Her right temple thumps. Wanda ignores it. Hadn't she done that before, a long time ago? Instead of a dimly lit and well-stocked library, it had been the dull, grey prison of HYDRA.
She disallows its entrance and focuses on Stephen. She lets his thoughts roll over her, but they feel sharp. All her efforts push back on her mind wishing to take over, to find something normal, to ensure that this isn't a trick by Strange—
She slams the door on Stark. Sharp throbbing pounds behind her eye. Wanda glares at him, feeling…
"No," she snaps. "Not him."
Attending his funeral hadn't been her choice, nor did it bring her closure. She doesn't wish for him to haunt her here, either. Not now. Not when Stephen Strange is trying to trust her, and she him.
no subject
“Sorry,” he says, apologetic in a way he isn’t often with people; it was the exact thing he hadn’t wanted to dredge up out of his subconscious around her, but that’s the whole trouble, isn’t it? Don’t think of pink elephants.
“You’ll probably— you’ll see his name all over the various Riftwatch paperwork and reports. He used to be here, too. He’s gone now.”
He keeps his voice as steady as he can, stripped of emotion and whatever hard-to-pin feeling he might have about that himself. Information. This is simply passing on relevant information.
no subject
Perhaps.
She inhales deeply through her nose, still frowning. Her anger burns; the fear and uncertainty she has buried down since arriving in Thedas threatens to rise to the surface. Wanda wishes to lash out.
She takes a moment. One. Two. Three. Doesn't quite calm, but it's a good enough effort.
"Are you sad about that?" It's a snap, even though she doesn't intend it to be. Does Strange feel sad at the loss of Stark? (Would he feel saddened by the loss of her if she were to disappear from this place? Such a ridiculous thought. He should be relieved, just as she is she won't stumble into Stark's ghost.)
no subject
It’s too big a can of worms to open when she’s a walking talking can of worms herself. Tony had been a strained colleague, eventually maybe a friend after a year in Thedas. Someone he’d once led to their death. He thought he’d done the same with her. He can’t get into it. So—
“I don’t know that it matters,” Stephen says instead, his voice mild, her snap ricocheting off that carefully-honed neutrality. It’s not the place or time to discuss his feelings with Wanda Maximoff, when he abhors having them at all, and would prefer to neatly sidestep them. “But I’m here. You’re here. That’s what we’re working with. Which reminds me—”

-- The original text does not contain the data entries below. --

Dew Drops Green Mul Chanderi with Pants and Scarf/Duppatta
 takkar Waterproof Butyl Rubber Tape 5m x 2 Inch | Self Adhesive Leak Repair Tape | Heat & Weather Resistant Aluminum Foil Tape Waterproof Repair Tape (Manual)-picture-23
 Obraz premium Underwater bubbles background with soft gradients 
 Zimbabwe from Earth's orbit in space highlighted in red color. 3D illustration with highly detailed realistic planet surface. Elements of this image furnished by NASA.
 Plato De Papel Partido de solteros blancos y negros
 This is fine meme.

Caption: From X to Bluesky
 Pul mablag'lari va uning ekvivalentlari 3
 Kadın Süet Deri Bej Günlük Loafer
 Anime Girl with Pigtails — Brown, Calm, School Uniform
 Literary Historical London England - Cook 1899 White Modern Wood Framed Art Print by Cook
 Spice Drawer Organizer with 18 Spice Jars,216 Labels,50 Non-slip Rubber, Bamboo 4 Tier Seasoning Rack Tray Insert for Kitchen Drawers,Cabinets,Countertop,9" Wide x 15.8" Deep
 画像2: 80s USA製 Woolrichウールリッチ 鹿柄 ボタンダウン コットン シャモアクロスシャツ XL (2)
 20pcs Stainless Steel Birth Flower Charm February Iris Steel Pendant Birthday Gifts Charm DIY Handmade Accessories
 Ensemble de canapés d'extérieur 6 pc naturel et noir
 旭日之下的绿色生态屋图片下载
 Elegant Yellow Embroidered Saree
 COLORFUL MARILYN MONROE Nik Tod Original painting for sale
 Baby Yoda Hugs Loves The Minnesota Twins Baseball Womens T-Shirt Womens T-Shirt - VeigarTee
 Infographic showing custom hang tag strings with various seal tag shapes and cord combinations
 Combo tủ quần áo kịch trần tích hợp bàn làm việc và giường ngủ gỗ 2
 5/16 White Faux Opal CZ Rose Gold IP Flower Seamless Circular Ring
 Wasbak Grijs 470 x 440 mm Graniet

And then, perhaps it’s a distraction and another deflection from the wounds between them, or maybe he just remembered what he was supposed to be doing, but he picks up the piece of paper he brought with him and frisbees it in Wanda’s direction with the flick of a wrist. It drifts over, to be snatched up at ease: a blank questionnaire.
no subject
Gently taking the paper from the air, Wanda holds it with both hands and frowns at it. A… questionnaire.
A questionnaire.
The last time she filled one of these out— Is almost every little thing between them going to throw her back into the past? She doesn't wish to think of HYDRA. She doesn't want to remember how she had been poked and prodded on the Raft.
She exhales softly to release the tension building within her. Wanda doesn't lift her gaze. "What will you do with this information?" There's no bite to her soft bark. Her uncertainty is warranted; she doesn't wish to be seen as another experiment.
no subject
“The records were a bit of a shambles when I first took over. Mostly it’s to avoid any truly stupid accidents: what if the Gallows kitchens prepared a dinner with nuts, and one of our number died to an allergy? They don’t have EpiPens here. If someone has chronic migraines that they might need regular painkillers for, that’s good to know for keeping track of stockpiling and inventory. And so on, and so on. Everyday purposes.”
It’s boring and banal and not nefarious, in short.
“It’s useful to simply have it for reference. So, case in point: are you allergic to tree nuts, Wanda Maximoff?”